Re: [l10n-dev] sr-CS/sr-YU locale data

Danilo Šegan Wed, 03 Aug 2005 09:40:28 -0700

Hi Eike,

Sorry if I sounded too harsh.  I just heard a lot of the same
arguments before, and they only helped delay adoption (the position of
ISO 3166 has not changed).

Yesterday at 19:20, Eike Rathke wrote:

> On Tue, Aug 02, 2005 at 08:29:58 +0200, Danilo ??egan wrote:
>
>> How come nobody noticed such "short-sightedness"
>
> Many people did, and also urged the ISO maintenance agency to
> reconsider, even during the process before the final decision was made.
> Do a research on the net.

I can't find anything.  Care to give me a pointer or two?

I found http://www.statoids.com/w3166his.html, which says:

1993-07-28 (Newsletter III-45): 
           Numeric code of Yugoslavia changed from 890 to 891 (a
           consequence of the splitting off of Bosnia and Herzegovina, 
           Croatia, Macedonia, and Slovenia).

This only indicates that "YU" code should have been changed as well,
because it's value was diminished compared to numeric code.  I can't
find any reference to a complaint about keeping "YU" code as it is.

>> All applications now need to cope with another such change, and it's
>> even simpler in practice, since the timeframe between the change is
>> some 12 years (pre-1990 "CS" and 2003-now "CS").
>
> Still, since a simple "CS" you encounter doesn't say which year it
> originated from, there is no clean way to differentiate between those
> two. You could only _assume_ that the data is not older than 15 years..
> may be valid for an office application, but not for mainframe database
> applications where data can be much older.

Yeah, it's exactly the same problem.  Since a simple "YU" you
encounter doesn't say which year it originated from, there is no clean
way to differentiate between pre-1991 YU and later-YU. 

ISO 3166 was not designed for the way it was used (basically, it
should have always been used with a date tag next to code), and it's
not a problem in ISO 3166 as it is, but that users need a different
(better) standard: one that doesn't assign codes valid only in certain
time ranges.

Maybe ISO 3166 can evolve into such a standard, but maybe we'd need
another one.  (i.e. if I remember correctly, RFC3066bis is going away
from ISO 3166 with a clause like "if a code has been re-assigned in
ISO 3166, don't use that in RFC3066")

>> Of course, nobody bothered with the former change, because nobody
>> seemed to care, but suddenly it's important for those data
>> applications?  It's all hipocrisy to me.
>
> Software evolved much, especially in the last 10-15 years. Some years
> ago there weren't many applications that were internationalized to at
> least some degree. Only a few could handle data from different regional
> origin, and even fewer did it by using ISO-3166-1 alpha-2 codes, some
> did by using ISO-3166-1 numeric-3 codes that developed later
> (interestingly in this case the number was reassigned, previously 891
> was Yugoslavia and now is Serbia and Montenegro).

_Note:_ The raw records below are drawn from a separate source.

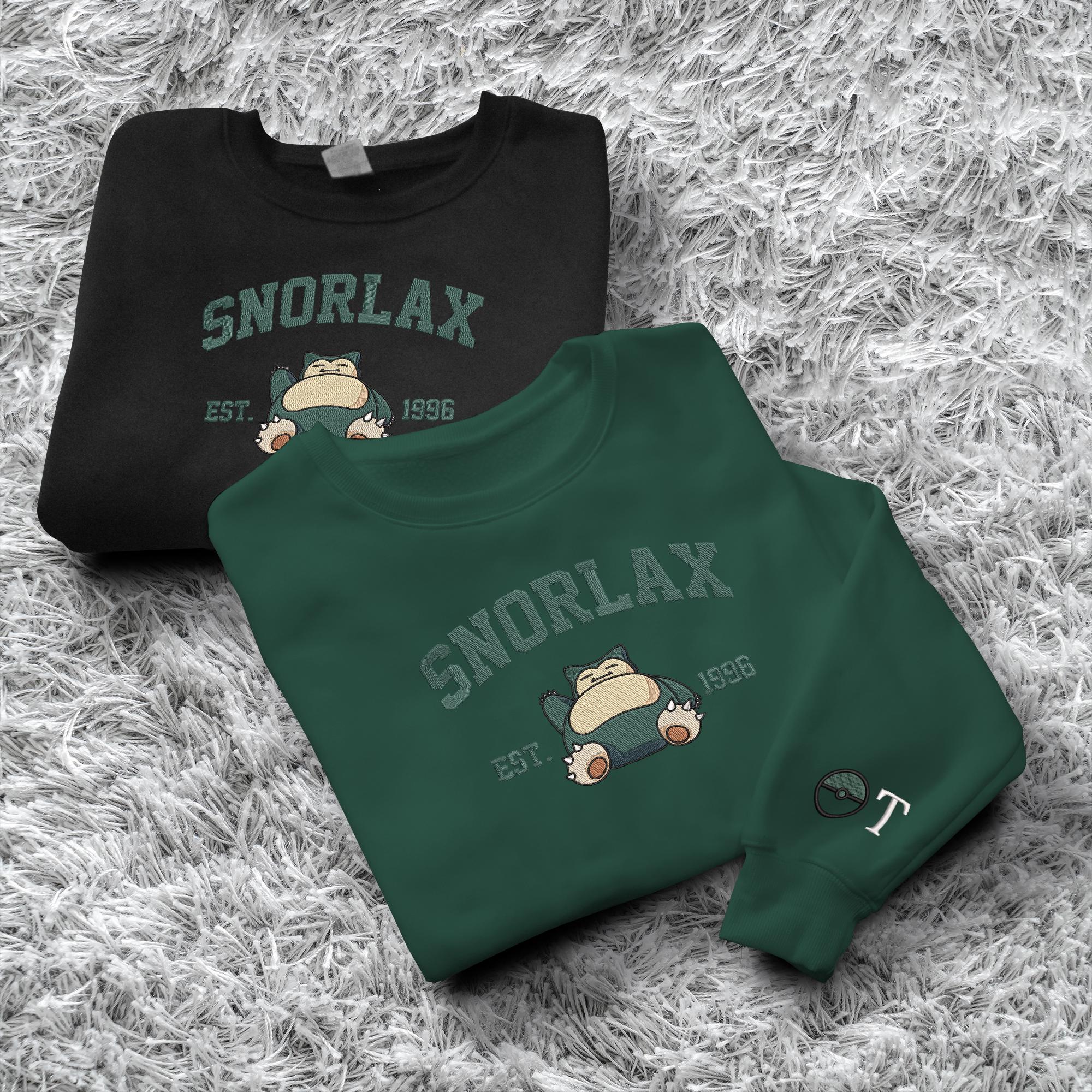 Personalized Snorlax Embroidered Sweatshirt Custom Snorlax Hoodie Crewneck Sweatshirt Custom Name Shirt Gifts
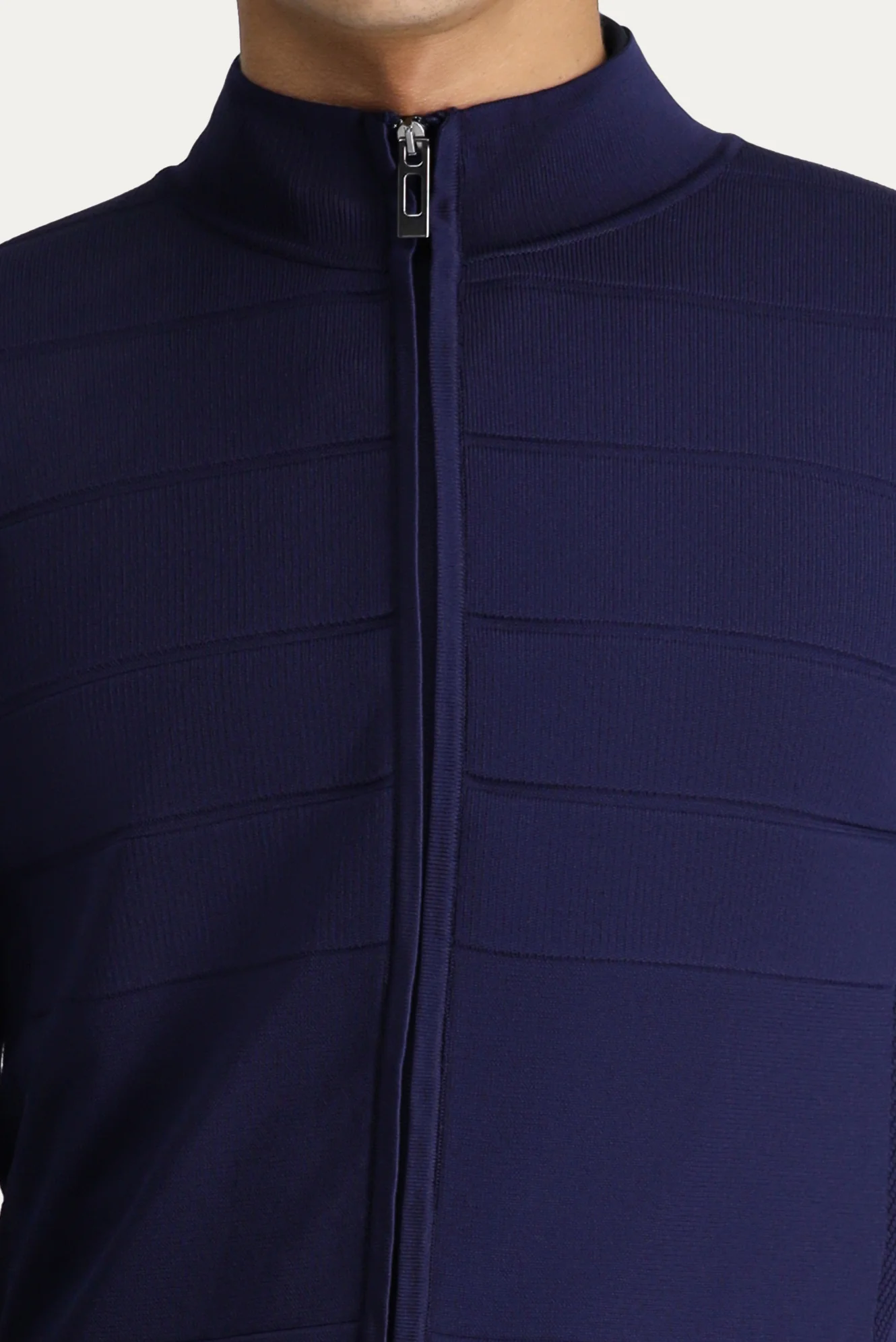 Koyu Lacivert Slim Fit Dar Kesim Triko Hırka - Image 4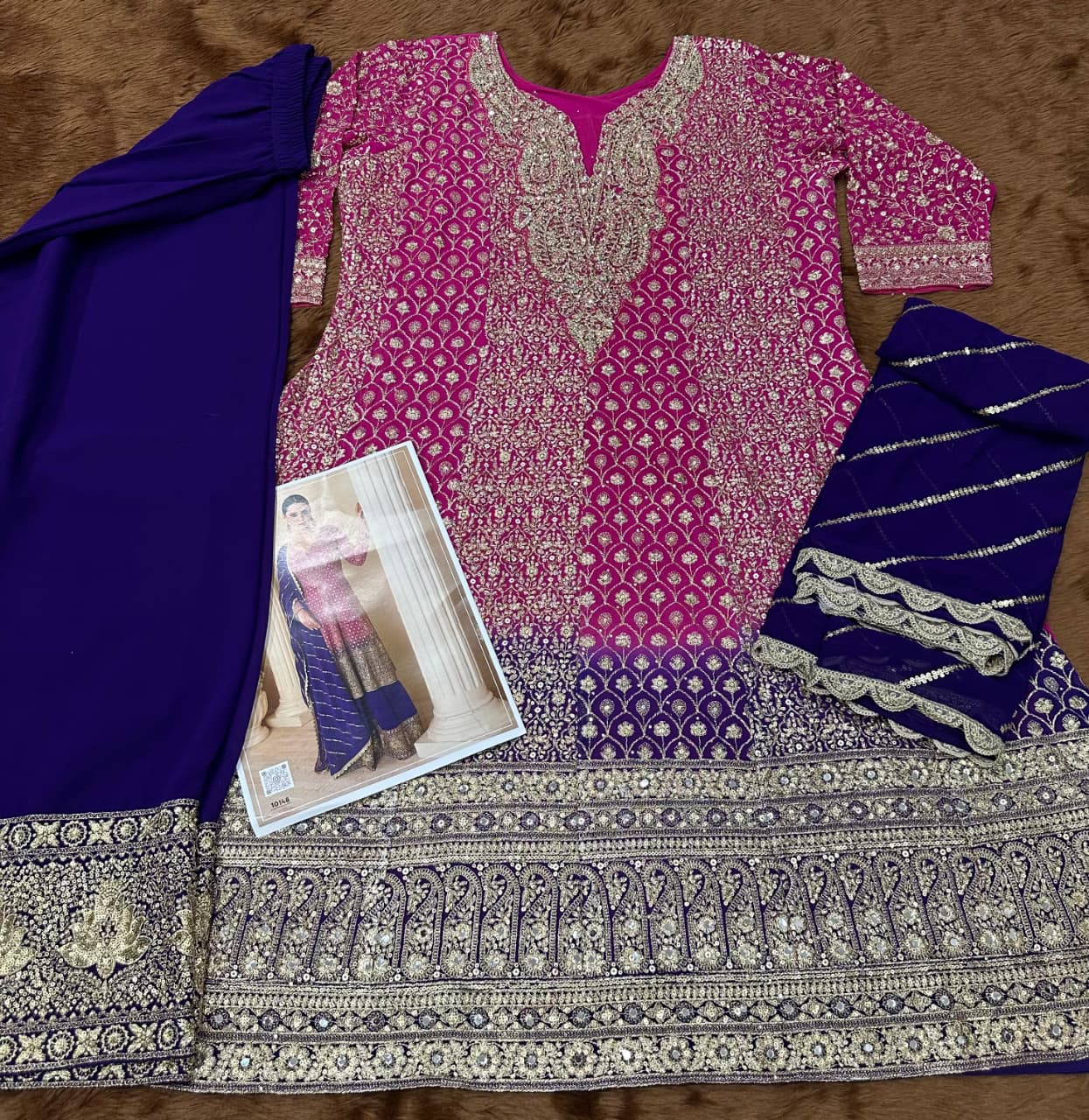 Aarshi Fashions Rose Pink Pure Georgette Full Stitched Suit - Image 3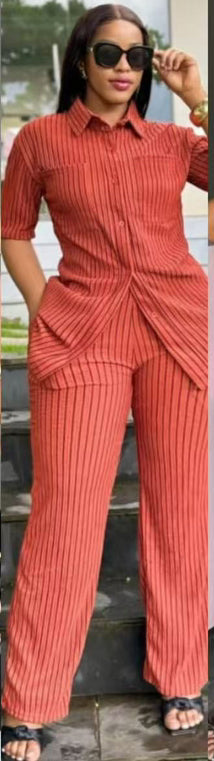 Women Vertical Striped Top and Pants 2-piece Set 5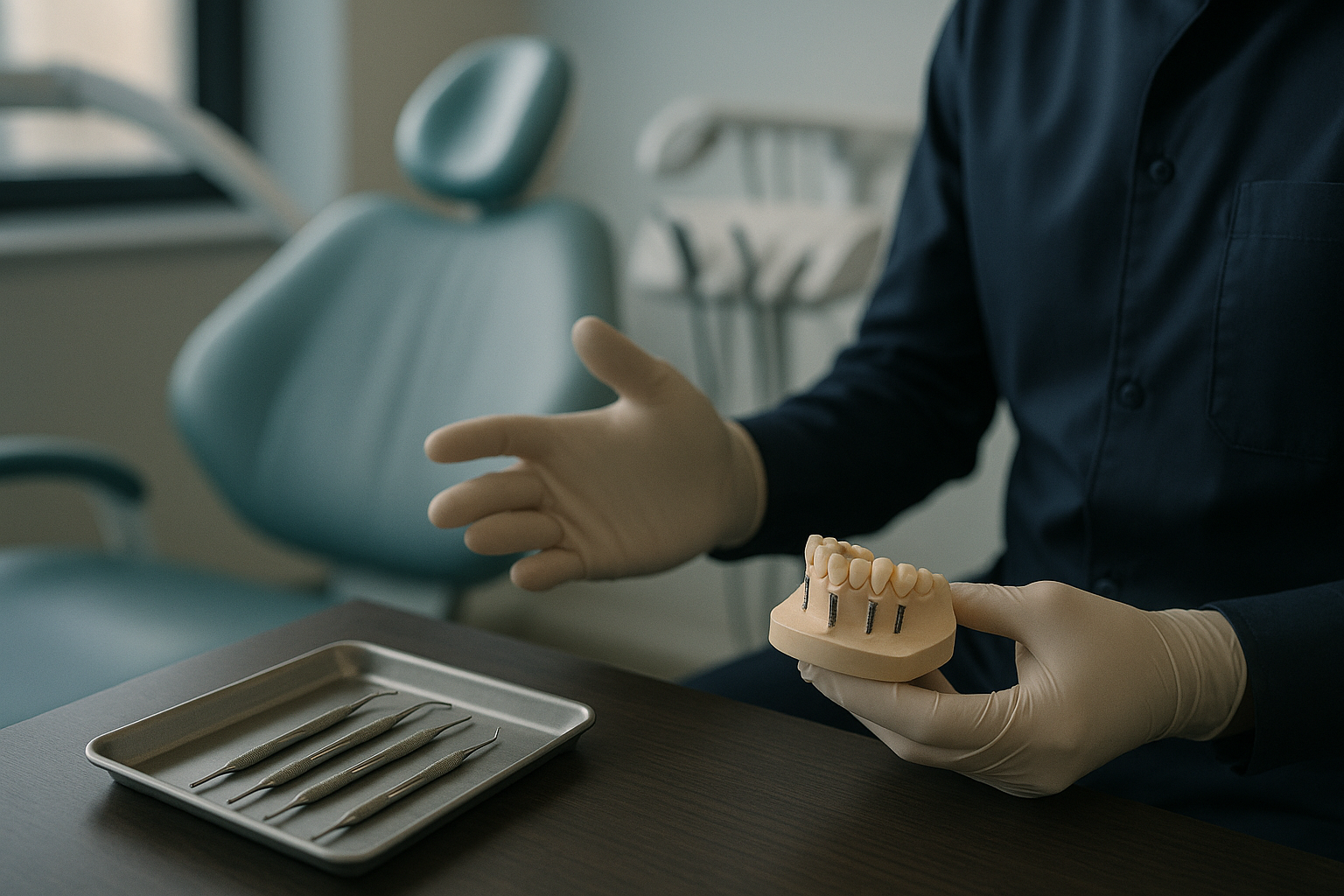 All-on-4 dental solutions discussed in a modern dental clinic setting.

The number should stay the same NOW: i.e. 2003 Yugoslavia was the same
country as 2003 Serbia and Montenegro, but only with a different name;
1990 Yugoslavia was much different from 1992 Yugoslavia, and that's
when both the number AND the code should have been changed if you're
not being hypocritical.  That's another design flaw of ISO 3166:
country codes should have not been based on names, but rather, they
should have been served on a first-come first-served (or FIFO ;-)
basis (most countries would get their based on names, but it would not
be a requirement).

I'm bringing this example up only because I'm quite familiar with it
(I know how the country changed, yet the code didn't), and because
it illustrates the same problems of ISO 3166 which were present for a
long time.  I actually had applications where simply using ISO 3166
codes was insufficient (eg. for indicating country where book was
published in a library software; book could not have been published in
1985/hr, but instead in 1985/yu).

>> For those that don't know, ISO 3166 has *FOREVER* been defined as
>> the following:
>>  - two letter country code resembling country name
>>  - may be changed in accordance with the country name change
>>  - may be reused
>
> They may not be reused for 5 years. It still is short-sighted to reuse
> them after 5 years.
>
>> Now, everybody's broken applications which didn't follow the specs
>
> Which specs?

The above specs: they may be reused after 5 years have passed.

>> are ISO 3166's fault?
>
> In this case IMHO it is. They don't even follow their own goal. Citing
> from the bottom of
> http://www.iso.org/iso/en/prods-services/iso3166ma/04background-on-iso-3166/iso3166-past-present-and-future.html
>
> | With the growing integration of the Internet into many aspects of
> | (business-)life the need for coded information related to geographical
> | concepts like country or place names will continue to rise. ISO 3166-1
> | is going to be one of the ISO standards which help facilitate this
> | integration process - today and tomorrow.
>
> With reused codes there is no tomorrow.

This is open to interpretation.  I think there is tommorow even
without the codes, computers, Internet and whatever.  I guess I'm a
bit more optimistic about human kind's ability to survive :)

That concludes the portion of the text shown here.